Le discours de présentation du président de ce premier Palmarès du Théâtre est court, simple, efficace. Ça commence plutôt bien. Enfin, si on met à part la musique, un bon gros "boumboum" qui n'a rien de théâtral, cela semble plutôt un bon début. S'ensuite une petite présentation des récompenses (qui ressemblent moyennenement à des servantes, soit dit en passant). Revenons rapidement sur les lauréats : 

Prix de la comédienne : Audrey Bonnet dans Clôture de l'Amour

Prix du comédien : Grégory Gadebois dans Des Fleurs pour Algernon

Prix de l'auteur : Pascal Rambert pour Clôture de l'Amour

Prix de la comédie : Carte Blanche à François Morel

Prix de la mise en scène : Jean Bellorini pour Paroles Gelées

Prix de la comédienne dans un second rôle : Marie-Julie Baup dans Le Songe d'une Nuit d'Été

Prix du comédien dans un second rôle : François Loriquet dans Les Revenants

Prix d'Honneur féminin : Francine Bergé dans Le Prix des Boîtes

Prix d'Honneur masculin : Robert Hirsch dans Le Père

Prix du seul en scène : Didier Brice pour son Journal d'un Poilu

Prix de la révélation féminine : Sarah Capony dans Femme de Chambre

Prix de la révélation masculine : Félicien Juttner dans Hernani

Prix "coup de coeur" du Jury (théâtre public) : Richard et Romane Bohringer dans J'avais un beau ballon rouge

Prix "coup de coeur" du Jury (théâtre privé) : L'Étudiante et Monsieur Henri

Prix du spectacle privé : Des Fleurs pour Algernon

Prix du spectacle public : La Réunification des deux Corées

Bon, globalement, je suis tout à fait d'accord avec ce Palmarès, je le trouve même très bon : il est assez varié et il n'y a pas d'abérrations. Non, ce qui m'a gêné ce n'est pas le fond, mais la forme. Chaque lauréat, qui venait prendre sa "servante", n'avait droit qu'à une minute de remerciement. Et comme si cette restriction ne suffisait pas, une sonnerie désagréable rappelait les comédiens à l'ordre au bout de 45 secondes. C'est absurde. L'audience a été encore plus faible que celle des Molières il y a 2 ans : 4% face à 6% pour la regrettée cérémonie. D'après moi, il est important de remettre des prix pour le théâtre, tout comme le cinéma. C'est une manière de remercier et récompenser le travail des acteurs du théâtre, quels qu'ils soient (Lumière, Décors, Costume ont été oubliés ici). Mais cette "cérémonie" là, qui n'avait en fait rien à voir avec une cérémonie, à cause du lieu, du décor, de cette présentatrice insupportable, et de cette restriction de parole, on s'en serait bien passé. Il aurait mieux valu une émission de radio, où les acteurs sont libres de s'exprimer, si accorder un peu de temps pour le théâtre à la télé est trop coûteux.

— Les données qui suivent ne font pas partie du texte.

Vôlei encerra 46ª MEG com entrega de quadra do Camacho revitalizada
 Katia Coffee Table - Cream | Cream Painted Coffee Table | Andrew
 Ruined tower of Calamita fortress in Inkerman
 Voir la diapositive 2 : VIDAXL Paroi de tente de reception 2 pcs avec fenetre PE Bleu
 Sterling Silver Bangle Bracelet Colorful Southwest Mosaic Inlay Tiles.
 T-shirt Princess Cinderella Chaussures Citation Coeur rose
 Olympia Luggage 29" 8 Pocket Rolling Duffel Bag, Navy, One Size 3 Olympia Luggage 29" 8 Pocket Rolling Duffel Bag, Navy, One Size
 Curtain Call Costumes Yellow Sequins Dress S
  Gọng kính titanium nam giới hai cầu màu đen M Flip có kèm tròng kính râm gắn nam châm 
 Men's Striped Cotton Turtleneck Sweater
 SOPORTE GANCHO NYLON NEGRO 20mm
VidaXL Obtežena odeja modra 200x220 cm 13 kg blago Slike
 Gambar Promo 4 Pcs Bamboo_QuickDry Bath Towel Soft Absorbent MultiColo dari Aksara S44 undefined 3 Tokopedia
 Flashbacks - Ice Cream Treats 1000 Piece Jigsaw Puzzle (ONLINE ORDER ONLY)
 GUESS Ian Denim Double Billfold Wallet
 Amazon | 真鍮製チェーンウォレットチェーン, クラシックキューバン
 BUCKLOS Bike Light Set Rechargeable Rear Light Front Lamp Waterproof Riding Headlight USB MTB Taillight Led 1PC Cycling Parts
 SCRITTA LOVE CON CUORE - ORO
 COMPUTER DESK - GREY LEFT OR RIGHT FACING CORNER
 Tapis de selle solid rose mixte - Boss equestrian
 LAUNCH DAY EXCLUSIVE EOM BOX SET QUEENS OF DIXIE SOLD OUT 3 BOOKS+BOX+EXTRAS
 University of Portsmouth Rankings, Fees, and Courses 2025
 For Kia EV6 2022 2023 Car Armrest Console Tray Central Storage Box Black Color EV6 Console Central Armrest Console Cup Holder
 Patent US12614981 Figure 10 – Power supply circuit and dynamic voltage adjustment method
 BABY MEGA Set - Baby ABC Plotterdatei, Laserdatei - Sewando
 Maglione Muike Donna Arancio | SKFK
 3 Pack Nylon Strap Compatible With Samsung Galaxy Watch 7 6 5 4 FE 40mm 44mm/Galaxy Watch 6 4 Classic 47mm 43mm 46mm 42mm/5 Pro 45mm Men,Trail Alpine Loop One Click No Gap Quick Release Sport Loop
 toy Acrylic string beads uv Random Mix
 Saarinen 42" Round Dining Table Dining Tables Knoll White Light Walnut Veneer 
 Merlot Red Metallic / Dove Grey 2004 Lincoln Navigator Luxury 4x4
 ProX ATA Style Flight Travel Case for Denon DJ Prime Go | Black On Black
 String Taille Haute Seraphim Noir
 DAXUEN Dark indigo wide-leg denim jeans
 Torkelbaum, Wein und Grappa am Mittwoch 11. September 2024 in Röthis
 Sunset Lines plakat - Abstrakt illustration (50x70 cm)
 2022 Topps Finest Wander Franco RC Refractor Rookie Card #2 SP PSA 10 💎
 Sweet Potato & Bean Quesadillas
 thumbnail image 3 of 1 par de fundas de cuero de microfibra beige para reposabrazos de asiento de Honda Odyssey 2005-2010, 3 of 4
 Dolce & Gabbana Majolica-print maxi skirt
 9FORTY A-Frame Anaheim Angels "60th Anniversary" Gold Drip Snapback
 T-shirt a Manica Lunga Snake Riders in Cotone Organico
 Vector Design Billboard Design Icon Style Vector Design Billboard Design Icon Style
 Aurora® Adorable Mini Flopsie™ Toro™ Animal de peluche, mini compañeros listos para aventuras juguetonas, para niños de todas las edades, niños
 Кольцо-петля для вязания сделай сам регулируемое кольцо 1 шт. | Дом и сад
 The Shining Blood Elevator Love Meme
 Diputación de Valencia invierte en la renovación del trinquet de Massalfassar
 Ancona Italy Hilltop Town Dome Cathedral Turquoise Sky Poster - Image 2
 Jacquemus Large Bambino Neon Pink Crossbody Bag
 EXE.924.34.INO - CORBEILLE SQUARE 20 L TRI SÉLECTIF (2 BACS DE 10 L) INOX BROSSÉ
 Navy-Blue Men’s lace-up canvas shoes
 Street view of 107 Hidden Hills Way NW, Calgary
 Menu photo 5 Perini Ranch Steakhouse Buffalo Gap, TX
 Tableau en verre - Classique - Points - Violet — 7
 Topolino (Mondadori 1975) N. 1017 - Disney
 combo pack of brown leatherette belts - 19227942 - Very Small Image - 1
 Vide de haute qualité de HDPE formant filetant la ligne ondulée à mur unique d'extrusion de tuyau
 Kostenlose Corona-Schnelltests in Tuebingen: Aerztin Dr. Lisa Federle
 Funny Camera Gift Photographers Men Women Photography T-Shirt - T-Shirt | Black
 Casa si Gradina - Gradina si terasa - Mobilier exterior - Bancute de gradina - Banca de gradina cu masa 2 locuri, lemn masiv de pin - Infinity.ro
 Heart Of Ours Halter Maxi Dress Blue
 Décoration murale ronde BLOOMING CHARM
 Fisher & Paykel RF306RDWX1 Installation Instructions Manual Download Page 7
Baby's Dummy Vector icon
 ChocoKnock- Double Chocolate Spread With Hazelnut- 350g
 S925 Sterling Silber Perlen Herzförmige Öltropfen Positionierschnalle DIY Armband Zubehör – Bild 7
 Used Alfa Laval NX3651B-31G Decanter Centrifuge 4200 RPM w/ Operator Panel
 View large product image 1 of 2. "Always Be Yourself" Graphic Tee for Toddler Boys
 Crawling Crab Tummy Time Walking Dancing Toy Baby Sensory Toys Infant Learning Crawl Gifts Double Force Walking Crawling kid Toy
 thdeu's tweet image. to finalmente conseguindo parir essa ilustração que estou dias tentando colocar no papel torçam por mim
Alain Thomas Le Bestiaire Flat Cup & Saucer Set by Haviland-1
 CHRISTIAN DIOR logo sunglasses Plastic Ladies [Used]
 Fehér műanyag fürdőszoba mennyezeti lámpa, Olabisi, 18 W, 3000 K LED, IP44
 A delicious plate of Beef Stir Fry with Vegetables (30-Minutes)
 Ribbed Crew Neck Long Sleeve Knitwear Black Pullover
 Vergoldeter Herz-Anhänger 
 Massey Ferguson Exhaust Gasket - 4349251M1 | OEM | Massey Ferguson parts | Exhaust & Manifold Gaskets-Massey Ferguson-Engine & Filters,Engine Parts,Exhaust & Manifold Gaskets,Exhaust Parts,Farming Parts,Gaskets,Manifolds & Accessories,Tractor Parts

Breeeeeef, après ce massacre, un autre a suivi. En effet, pour montrer quand même que "le théâtre, c'est important", une soirée consacrée au théâtre était prévue le soir. Cette soirée avait pour but de nous donner l'envier d'aller au théâtre. Pour moi, l'effet a été plutôt inverse : si c'est cela qu'on voit au théâtre, jamais je n'y retournerai. La soirée se présentait ainsi : la même présentatrice présentait des saynètes, jouées par des acteurs, ici pour leurs noms (Arditi, Berléand, Jugnot ...), et entre chaque extrait, Philippe Lellouche et Laurent Gamelon jouaient, ou appliquaient un texte absolument nul, essayant vainement de divertir le spectateur. Mais il faudrait m'expliquer l'intérêt, si cette soirée avait pour but de louer le théâtre, de ne jouer que des scène contre les pièces qu'on y voit, parlant de l'absence de spectateurs, de l'ennui devant certaines pièces. Ou encore, que les acteurs interprétant les différents personnages lisent leur texte, sur papier ou sur prompteur : voilà qui ne fait pas très professionnel. Enfin, on nous présentait les extraits comme des "scènes cultes" : ah, Grumberg est donc un auteur culte français ? Je n'ai vu de culte que les 10 dernières minutes de l'émission. Sur plus de 2h, ça ne fait pas grand chose. Ennui total. Voilà ce que j'ai retenu de cette soirée. 

Échec cuisant. Rendez nous les Molières.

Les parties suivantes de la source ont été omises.